WHAT IS EXPECTED:
The task for the listing below is to write out exactly the lines starting at the one containing "Used 2017 Porsche Macan AWD/4WD image 3" and ending at the one containing "500 S River St APT 5, Newberg, OR 97132", both included. Pictures are to be omitted.

DATA RECORDS:

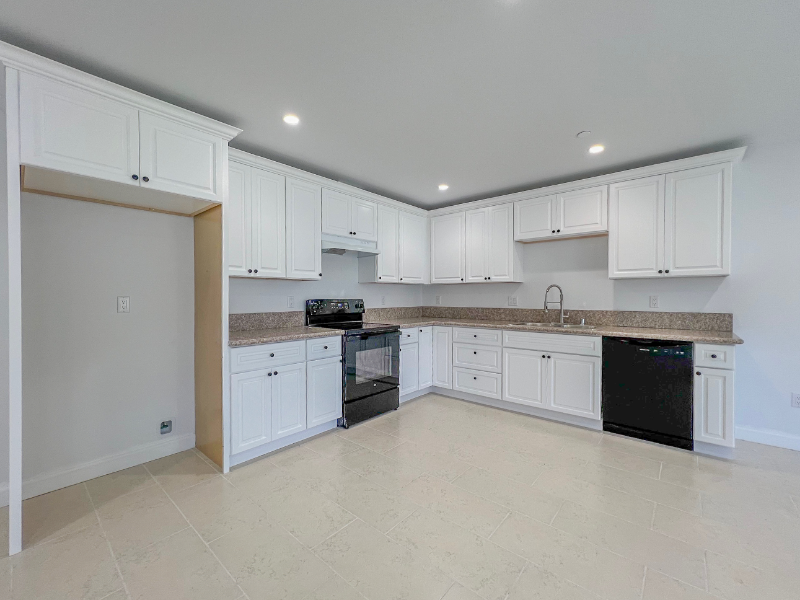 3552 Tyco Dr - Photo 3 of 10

---

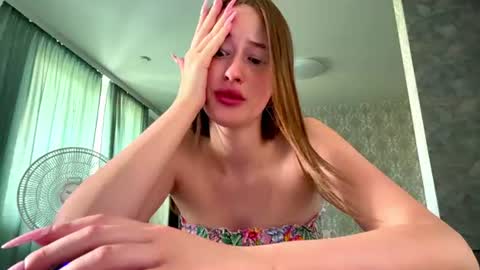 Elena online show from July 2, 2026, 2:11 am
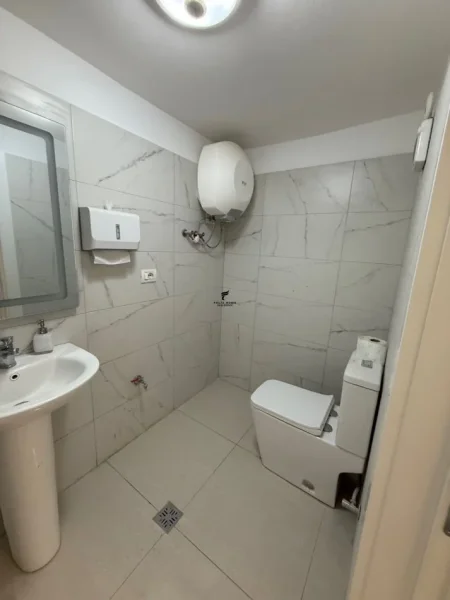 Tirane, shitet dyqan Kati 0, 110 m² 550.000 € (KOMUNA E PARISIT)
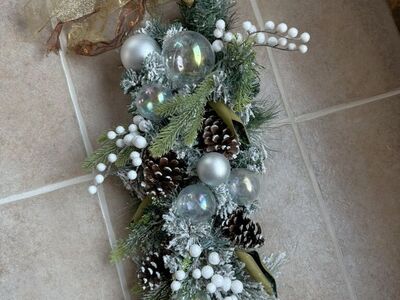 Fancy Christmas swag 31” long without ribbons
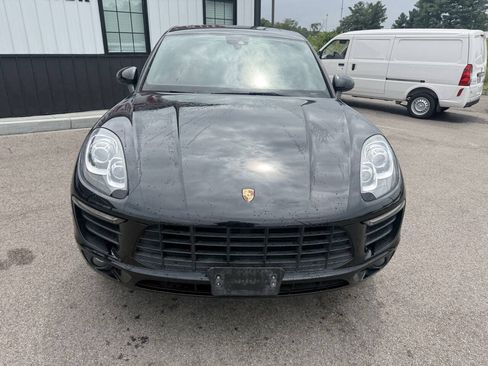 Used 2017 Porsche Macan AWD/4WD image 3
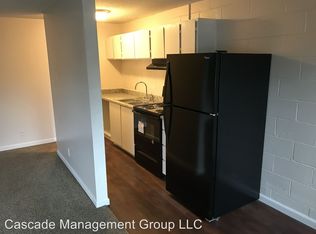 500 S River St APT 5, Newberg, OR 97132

* * *

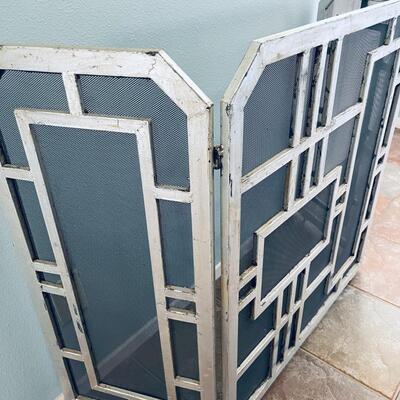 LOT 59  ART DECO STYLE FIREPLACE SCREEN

OUTPUT OF THE EXERCISE:
 Used 2017 Porsche Macan AWD/4WD image 3
 500 S River St APT 5, Newberg, OR 97132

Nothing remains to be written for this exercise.